Quattro album che, partendo dal primo omonimo pubblicato nel 2013 per i tipi di Supernatural Cat (Ufomammut, MoRkObOt), mostrano con precisione carattere e intenzioni degli Zolle: sludge metal nero e vischioso, venato da un’ironia zotica e un po’ irta. Il duo crea una contrapposizione marcata tra un suono da tragedia borghese e una forma declinata alla campagnola, un po’ Severino Cicerchia style. Atmosfera doom e stile grafico goliardico, suoni ossessivi e titoli dei brani ammiccanti e ironici, come S’offre, M’io, D’io, M’accetto.

Perfetta fusione?

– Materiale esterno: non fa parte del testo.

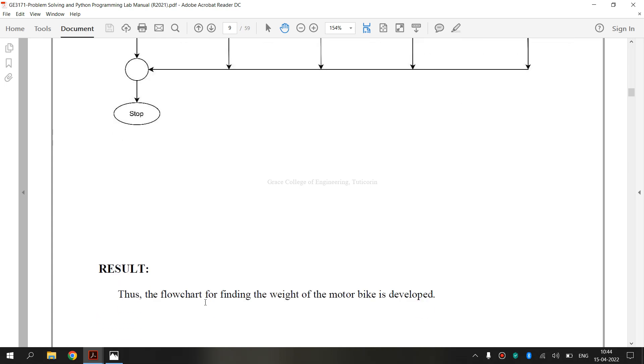So finally, we have drawn GE 3171 problem solving and python programming laboratory 1D exercise. That is how to draw the flow chart for finding the weight of a motorbike. I hope you have understood. Thank you.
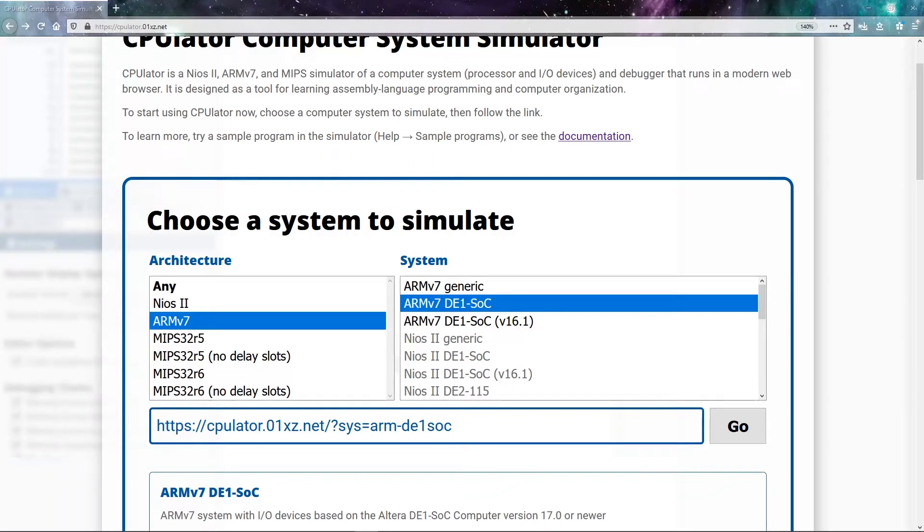In this video, I'm going to discuss the general architecture of our ARM processor, as well as getting familiarized with the development environment that I'm going to be using in this set of videos, which is the CPU simulator emulator.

Osservata nella sua interezza, l’associazione tra serio/musica e faceto/grafica restituisce una sensazione di sfasamento, come se il disco volesse percorrere una via di rock demenziale, che però non si concretizza mai, anche per la mancanza di testi che aiutino a indirizzare in questo senso. Si percepisce quindi una frattura evidente, una mancata saldatura, che regala al lavoro finale una sfumatura melanconica di mancata perfezione.

D’altro canto, gli stessi Zolle definiscono “Macello” come carne, non plastica. E come sappiamo tutti, la carne non solo non è perfetta, ma indulge spesso a tentazioni, la maggior parte delle quali irredimibili. Un’ultima notazione sui testi; il gruppo dichiara l’utilizzo di tracce vocali per la prima volta, forse segno di un new deal lanciato verso un prossimo futuro. Non possiamo che approvare, probabilmente questa è la scelta più giusta, un nuovo passo che avvicinerà ancora di più il fantastico duo degli Zolle al Santo Graal dell’ineccepibilità.

Quindi? “Macello”, nove pezzi in fila indiana piccini, picciò, equidistanti e ruvidi, occuperebbe perfettamente fantastici 28 minuti di una vostra eventuale esistenza sonora di clausura causa improvvisa epidemia (casomai capitasse). Quasi in un flusso ininterrotto di coscienza (sporca, però), pesantemente liberato con grande soddisfazione, “Macello” vi aiuterà a scalzare per un attimo – breve – la noia e l’insoddisfazione dovuti al logorio della vita carcerata. Diversi omaggi lungo l’album, dai Rockets (M’accetta) agli AC/DC (L’aura) e poi un fluire di poche parole e waa-waa per un viaggio musicale nero e melmoso di un rock decisamente zotico.

Destinato a un pubblico ben definito, pur non essendo un disco da pietra angolare, perché troppo omogeneo e monocorde, “Macello” per costruzione, sonorità e risultato finale ha il suo motivo di essere: avrete tra le mani un disco potente, poco evoluto per scelta, decisamente fedele a una realtà analogica voluta e cercata che sviscera con precisione i paradossi delle nostre esistenze. Buon ascolto.